СВ: Мне также представляется странным отсутствие в разговорах Ахматовой другого поэта — Тютчева.

ИБ: Припоминаю, что о Тютчеве шел разговор в связи с выходом маленького томика его стихов с предисловием Берковского. Что ж, Тютчев, при всем расположении к нему, поэт не такой уж и замечательный. Мы с вами уже, кажется, касались этой темы. Мы повторяем: Тютчев, Тютчев, а на самом деле действительно хороших стихотворений набирается у него десять или двадцать (что уже конечно же, много). В остальном, более верноподданного автора у государя никогда не было. Я уж об этом говорил. Помните, Вяземский говорил о «шинельных поэтах» ? Тютчев был весьма «шинелен».

СВ: Вы знали Берковского?

ИБ: Да, он жил за углом, я к нему заходил. Воспоминания мои о Берковском чрезвычайно приблизительны. В кругах ленинградской интеллигенции говорили: Берковский, Берковский. И у меня уже с порога было некоторое предубеждение: знаете, когда про кого-то очень долго говорят… Это был человек небольшого роста, с седыми волосами, склада апоплексического. Необычайно интересовался дамскими коленками. А по тем временам я обращал внимание на поведение человека, его манеры. Что же до предисловия Берковского к сборнику Тютчева, то оно мне в сильной степени не понравилось. Реакции Анны Андреевны ни на поэта, ни на редактора этого сборника не помню.

СВ: Что Ахматова говорила об отношении акмеистов к символизму?

ИБ: Ахматова любила повторять: « Что ни говорите, а символизм — это последнее великое течение в русской литературе». Думаю, между прочим, что не только в русской. Это действительно так: и по некоей цельности, и по масштабу, объему вклада в культуру. Но, на мой взгляд, это было действительно течение. Если позволено будет поиграть словами: великое, но течение.

СВ: А разве акмеизм она не выделяла как особое направление? В свое время акмеисты весьма отчетливо противопоставляли себя символизму.

ИБ: Совершенно верно. Но, вы знаете, в шестидесятых годах этого уже не было — ни в разговорах, ни в поведении, ни, тем более, в позициях. К тому времени уже невозможно было восстановить пафос этого противопоставления, этой полемики. Все это уже перестало существовать даже задним числом. К тому же Анна Андреевна была человеком в достаточной степени сдержанным и скромным.
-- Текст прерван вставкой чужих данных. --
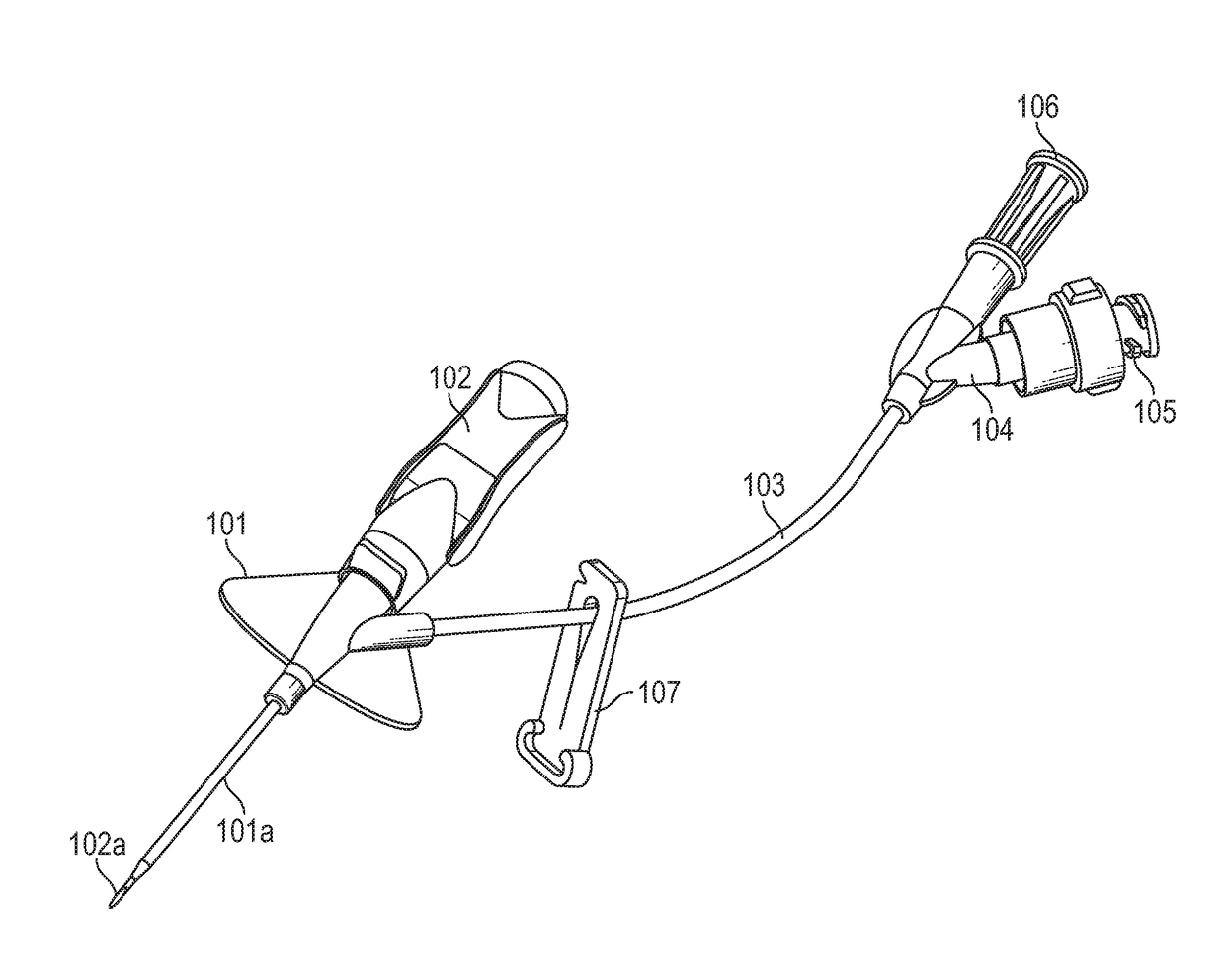 Closed iv access device with paddle grip needle hub and flash chamber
СВ: Почему Анна Андреевна отзывалась о Михаиле Кузмине как о нехорошем человеке? Чем он был ей так неприятен?

ИБ: Да ничего подобного! Это неправда, миф. Она к Кузмину, к его стихам очень хорошо относилась. Я это знаю потому, что к поэзии Кузмина относился хуже, чем Анна Андреевна, — потому что не очень-то знал его — и в этом духе высказывался. И у Кузмина конечно же масса шлака. Ахматова встречала эти мои выпады крайне холодно. Если у Анны Андреевны и были какие-то трения с поэзией Кузмина, то они были связаны с ее «Поэмой без героя». Она чрезвычайно дорожила этим произведением. И, разумеется, находились люди, указывавшие на сходство строфы, которой написана «Поэма без героя», со строфой, которую Кузмин впервые использовал в своей книжке «Форель разбивает лед». И утверждавшие, что кузминская строфа куда более авангардна.

СВ: Но разве действительно ахматовская строфа не ведет свое происхождение от кузминской «Форели»?
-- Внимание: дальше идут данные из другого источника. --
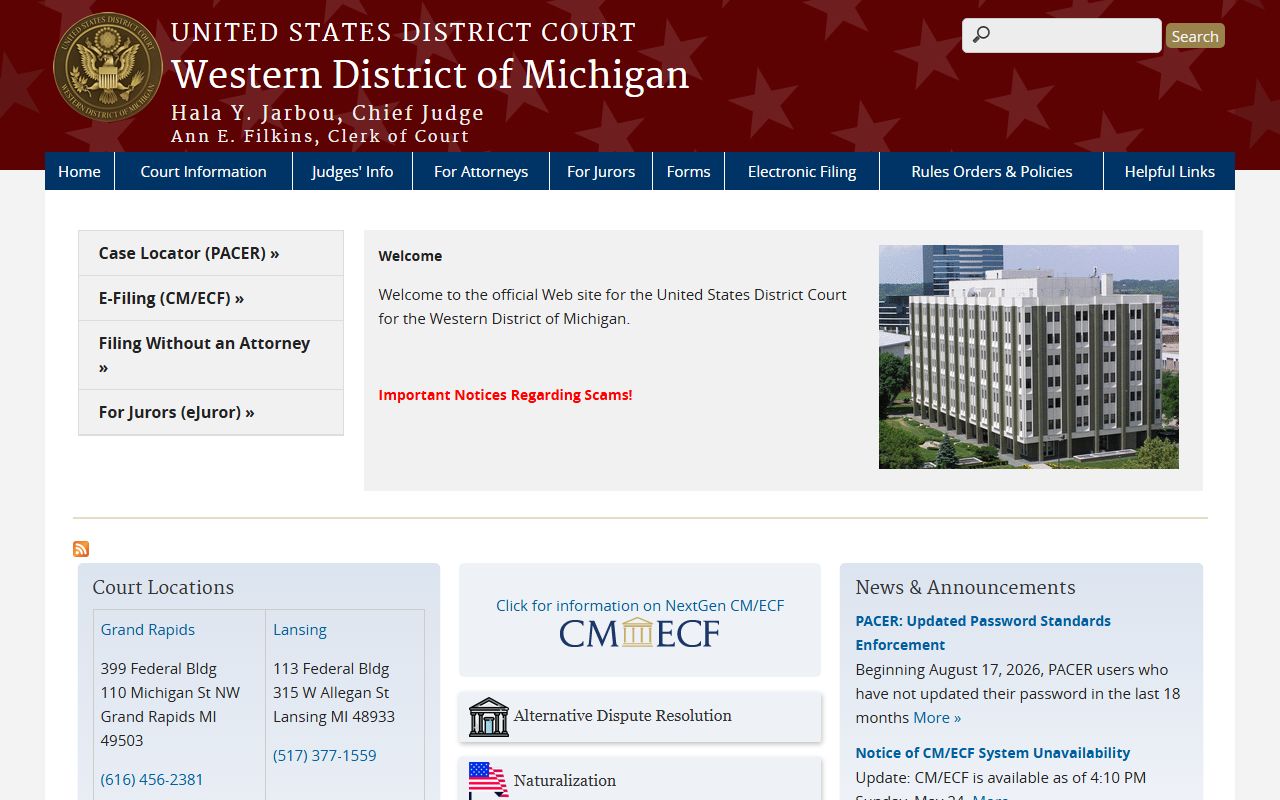 U.S. District Court Western District of Michigan site for Menominee County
ИБ: Вы знаете, трудно утверждать это с полной определенностью. Но, во всяком случае, музыка ахматовской строфы абсолютно самостоятельна: она обладает уникальной центробежной энергией. Эта музыка совершенно завораживает. В то время как строфа Кузмина в «Форели» в достаточной степени рационализирована.

СВ: На отношение Ахматовой к Кузмину могли повлиять мемуары, начавшие приходить из русского зарубежья: Георгий Иванов, Сергей Маковский. Там муссировалась роль Кузмина как учителя Ахматовой. Анну Андреевну это весьма раздражало.
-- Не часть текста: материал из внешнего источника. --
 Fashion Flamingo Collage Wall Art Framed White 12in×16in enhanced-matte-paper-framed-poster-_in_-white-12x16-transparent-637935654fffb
ИБ: Мемуары Георгия Иванова ее сильно бесили, потому что там было чрезвычайно много вымысла. И это Ахматову действительно возмущало.

СВ: Я помню также ее возмущение «Парнасом Серебряного века» Маковского. Она говорила примерно следующее: Маковский был богатенький барин, который Мандельштама и Гумилева на порог, что называется, не пускал. Их он считал желторотыми гимназистами, босяками, а себя — большим поэтом и ценителем.

ИБ: Да, меценатом. Это я помню.

СВ: Ахматова говорила, что ее пытаются изобразить дамочкой-любительницей, которую Кузмин и Гумилев совместными усилиями произвели в поэтессы.